Segment Start: DATA SHOWN
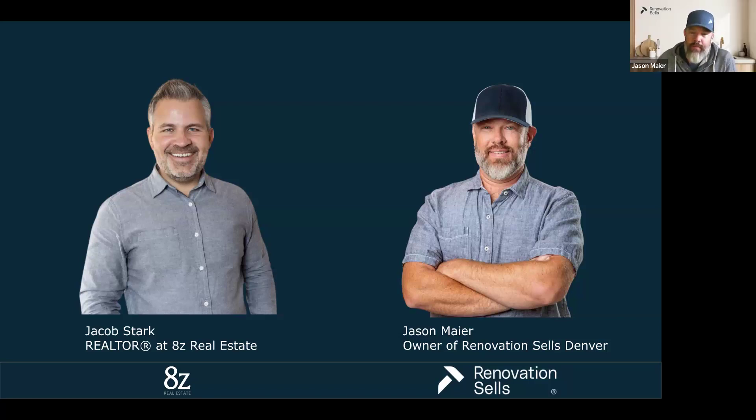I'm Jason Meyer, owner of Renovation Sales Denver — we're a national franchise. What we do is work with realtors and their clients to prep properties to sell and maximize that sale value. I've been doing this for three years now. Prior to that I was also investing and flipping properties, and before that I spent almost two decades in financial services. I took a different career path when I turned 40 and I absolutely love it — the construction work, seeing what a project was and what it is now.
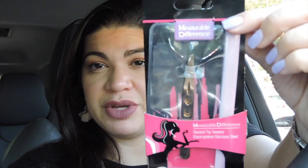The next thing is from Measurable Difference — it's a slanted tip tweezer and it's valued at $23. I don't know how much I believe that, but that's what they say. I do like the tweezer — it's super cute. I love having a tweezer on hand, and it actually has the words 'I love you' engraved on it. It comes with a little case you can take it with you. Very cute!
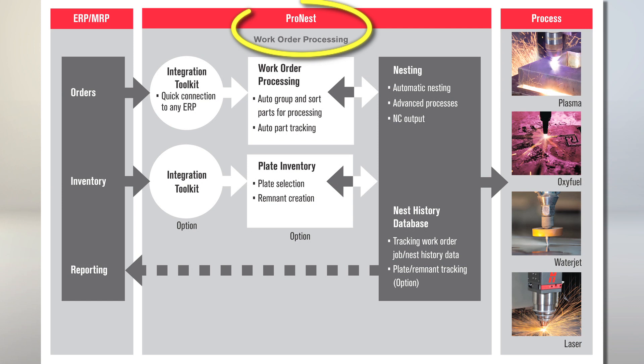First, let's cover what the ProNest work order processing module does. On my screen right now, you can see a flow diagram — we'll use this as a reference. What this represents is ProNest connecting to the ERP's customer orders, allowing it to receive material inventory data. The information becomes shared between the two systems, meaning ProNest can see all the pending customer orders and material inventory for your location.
Segment End: DATA SHOWN
Segment Start: DATA SHOWN
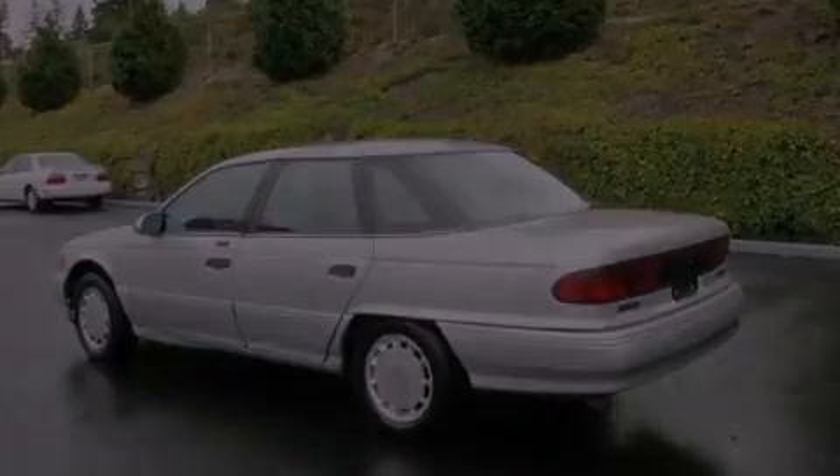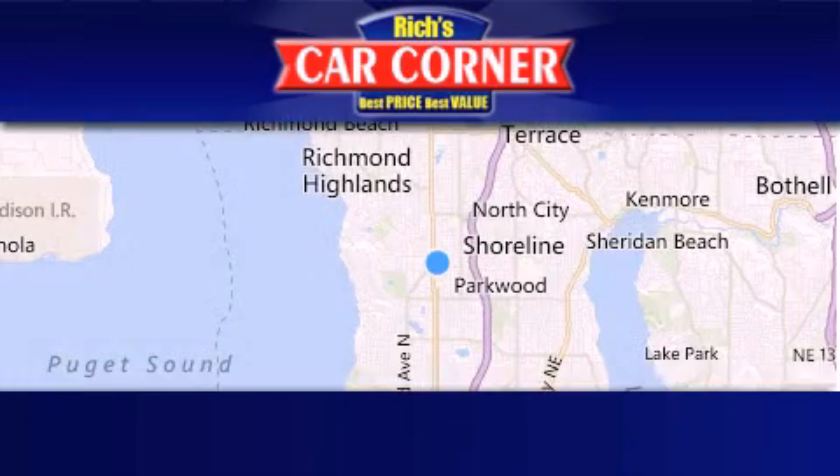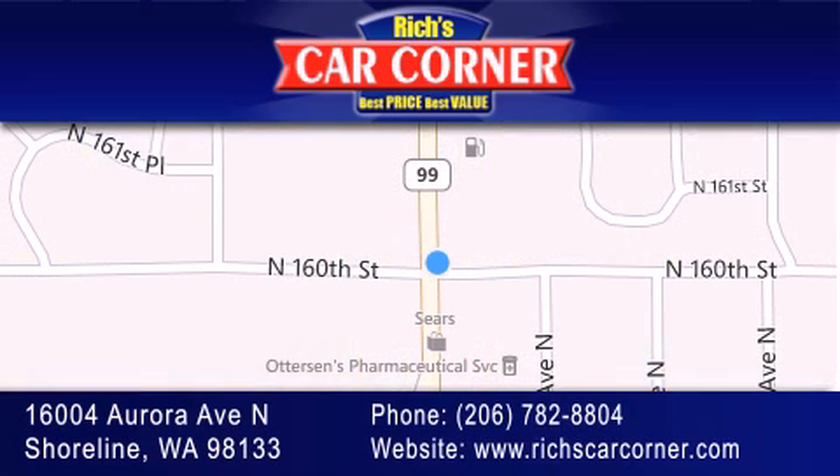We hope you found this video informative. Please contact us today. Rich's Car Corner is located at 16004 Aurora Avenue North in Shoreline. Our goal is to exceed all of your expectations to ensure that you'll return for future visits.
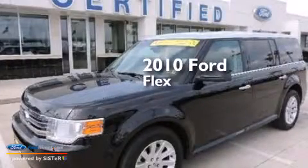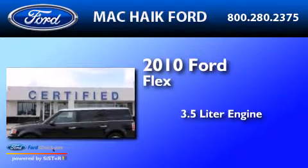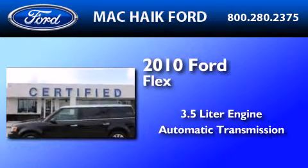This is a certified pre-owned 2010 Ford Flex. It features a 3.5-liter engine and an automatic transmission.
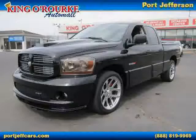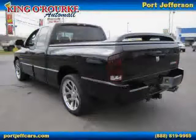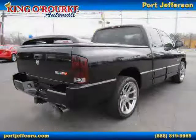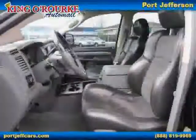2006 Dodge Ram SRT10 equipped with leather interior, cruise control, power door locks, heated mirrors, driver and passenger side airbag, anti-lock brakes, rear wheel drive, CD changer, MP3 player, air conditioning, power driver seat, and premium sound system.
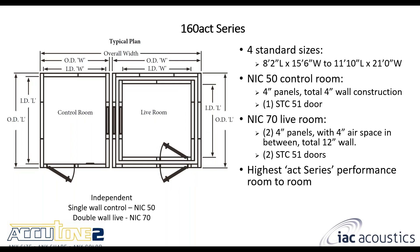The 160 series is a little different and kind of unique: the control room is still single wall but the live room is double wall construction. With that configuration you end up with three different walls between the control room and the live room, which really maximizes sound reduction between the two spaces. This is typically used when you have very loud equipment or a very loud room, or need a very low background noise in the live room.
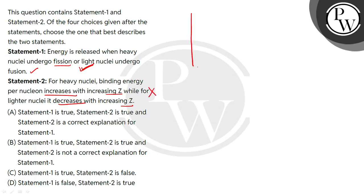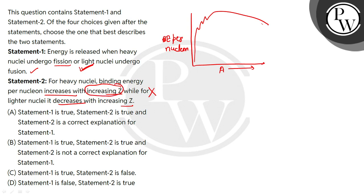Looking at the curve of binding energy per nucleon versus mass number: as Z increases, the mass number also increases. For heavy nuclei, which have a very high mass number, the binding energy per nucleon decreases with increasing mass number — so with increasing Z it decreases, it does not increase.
Segment End: DATA SHOWN
* _INSTRUCTIONS TO FOLLOW_: Excluding any pictures, print exactly the lines of the listing above from the line with "This is a certified" to the line with "The 160 series", both ends included.

* _OUTPUT FOR THIS TASK_:
This is a certified pre-owned 2010 Ford Flex. It features a 3.5-liter engine and an automatic transmission.
2006 Dodge Ram SRT10 equipped with leather interior, cruise control, power door locks, heated mirrors, driver and passenger side airbag, anti-lock brakes, rear wheel drive, CD changer, MP3 player, air conditioning, power driver seat, and premium sound system.
The 160 series is a little different and kind of unique: the control room is still single wall but the live room is double wall construction. With that configuration you end up with three different walls between the control room and the live room, which really maximizes sound reduction between the two spaces. This is typically used when you have very loud equipment or a very loud room, or need a very low background noise in the live room.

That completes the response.